Researchers have attempted to probe North American teens’ perceptions of the stock market, cryptocurrencies and other investments in the high octane GameStop era. The results showed that cryptocurrencies edged ahead of some other asset classes like real estate, with 25% of teens saying they would invest in crypto if given hypothetical funds as compared with 24% in real estate.
43% remain convinced that the best bet would be to invest their funds in the stock market, yet a large share – 37% – said they’d refrain from investing altogether.

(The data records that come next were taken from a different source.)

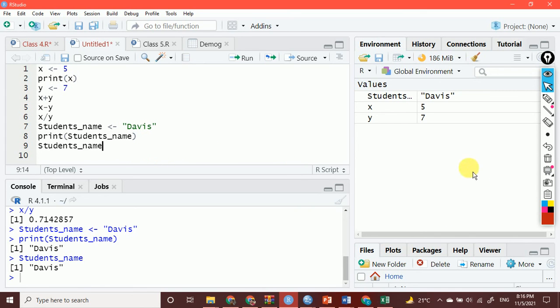I hope that this video is helpful for you as far as creating an object in R. The next video will be discussing more on working on various logical operators or mathematical operators, and working more on creating a series of numbers — an object which has got a series of numbers. So thank you so much.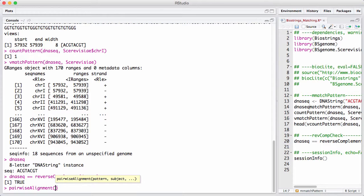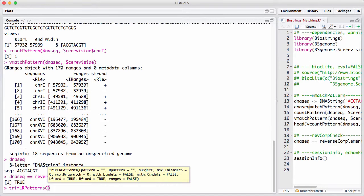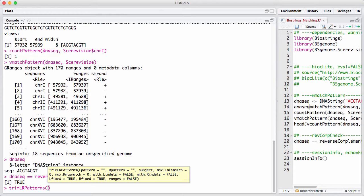Finally, there's a function called trimLRPattern for trimming of specific patterns on the left and the right of a DNA string set. The use case here is trimming off sequence adapters. But trimLRPattern has a very rich set of functionality, allowing indels and mismatches in the sequence adapters, and can be useful for this.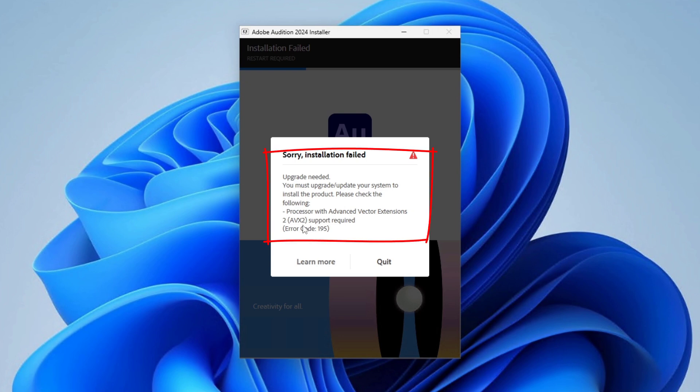The error message says you need to upgrade your system to install this product. It requires that your processor supports Advanced Vector Extensions 2, AVX2. So the questions are: what is AVX2, where is it located, and where is it used?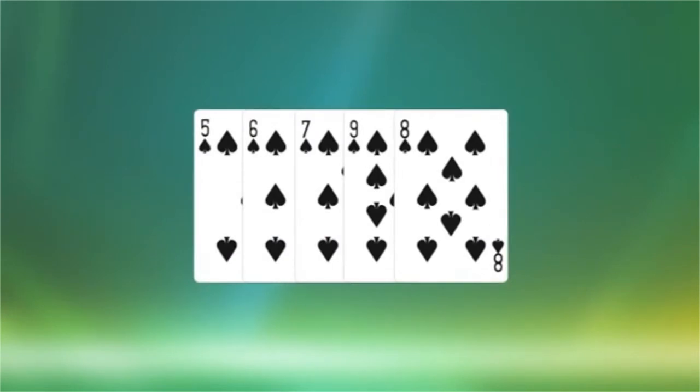the dealer keeps them together, unless they have aces and another pair. In that case, the lower pair is the low hand.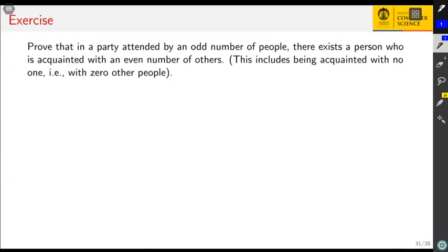Let's use this theorem and corollary to prove the following statement: in a party attended by an odd number of people, there exists a person who is acquainted with an even number of others — including possibly zero others. Try proving this as an exercise, and we will discuss the solution in the next video.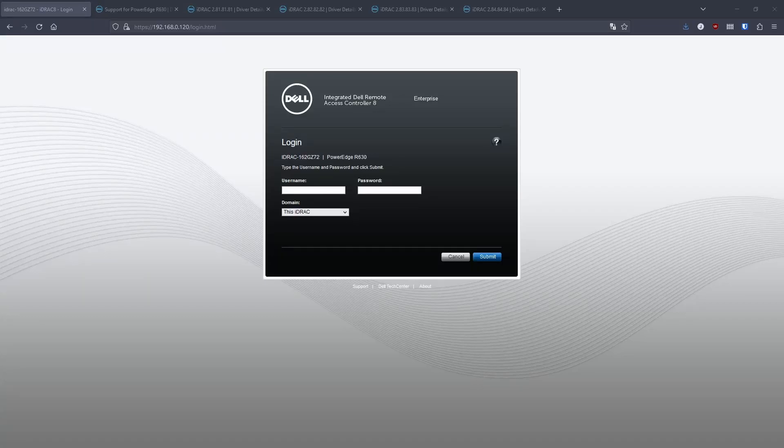Hi, this is Josh and welcome to homehub.tech. On this video, I will be going through updating my iDRAC on my Dell R630.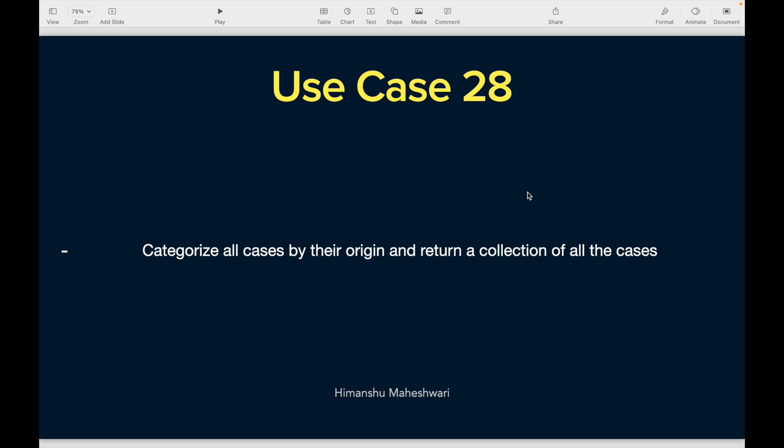The use case says: categorize all cases by their origin and return a collection of all the cases. You have something called Case Origin on the Case object, where you mention what the origin is — is it from web, phone, WhatsApp, etc. The requirement says you need to categorize all your cases, meaning for each case origin you need the set of cases of that same type. You would create a collection with key-value pairs where the key is the case origin and the value is the list of cases with that origin.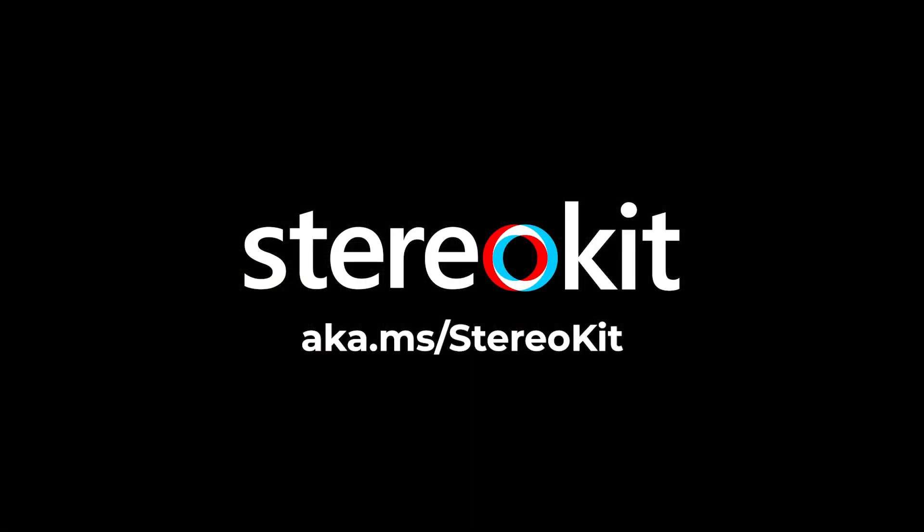To learn more about StereoKit, visit aka.ms/stereoKit.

These results were drawn from a survey jointly conducted by Junior Achievement and RSM US in mid-July of this year among a small sample of just over 1,000 teens aged between 13 to 17 years. 39% of respondents who had closely followed the GameStop saga agreed with the idea that investing in the stock market is a great way to make a quick buck, with 20% judging trading stocks to be too risky overall. Nonetheless, 40% continue to believe that stocks can be advantageous as a long-term investment.
The survey’s leaders have indicated that they aspire to reestablish confidence amongst teens that buying into the stock market is really in their best interest and to temper the negative picture they may have after having witnessed the fate of GameStop’s retail investors – as opposed to hedge funders – during the short squeeze. In the words of Jack E. Kosakowski, President & CEO of Junior Achievement USA:
“These results show that the recent ‘meme stock’ phenomenon could be having an adverse impact on teens’ perceptions of what it means to invest in the stock market. Given the fact that the stock market plays a major role in helping countless Americans achieve a secure retirement, it’s important that we help demystify it for the next generation.”
Junior Achievement and RSM have been trying to change teens’ impressions by promoting pro-stock market educational programs, including simulated stock market experiences and a curriculum designed to clarify the basic tenets of investing. The challenge they face is that, according to the results of their survey, a vanishing majority – 51% – of teens said they believe the stock market is “‘a good thing’ for ordinary people.”
As Cointelegraph previously reported, in many parts of the world, an increasing reliance on speculative investments has become conspicuous among millennials struggling to subsist in an era of suppressed wages, an insecure job market and forbiddingly high real-estate prices.
In contrast to Junior Achievement’s takeaways, Lee Han Koo, an economics professor at the University of Suwon in Korea, argued earlier this year that the difficult socio-economic environment has fueled a “desperate” perception among many young people that day trading represents a “once-in-a-lifetime opportunity” to break out of their insurmountable financial precarity.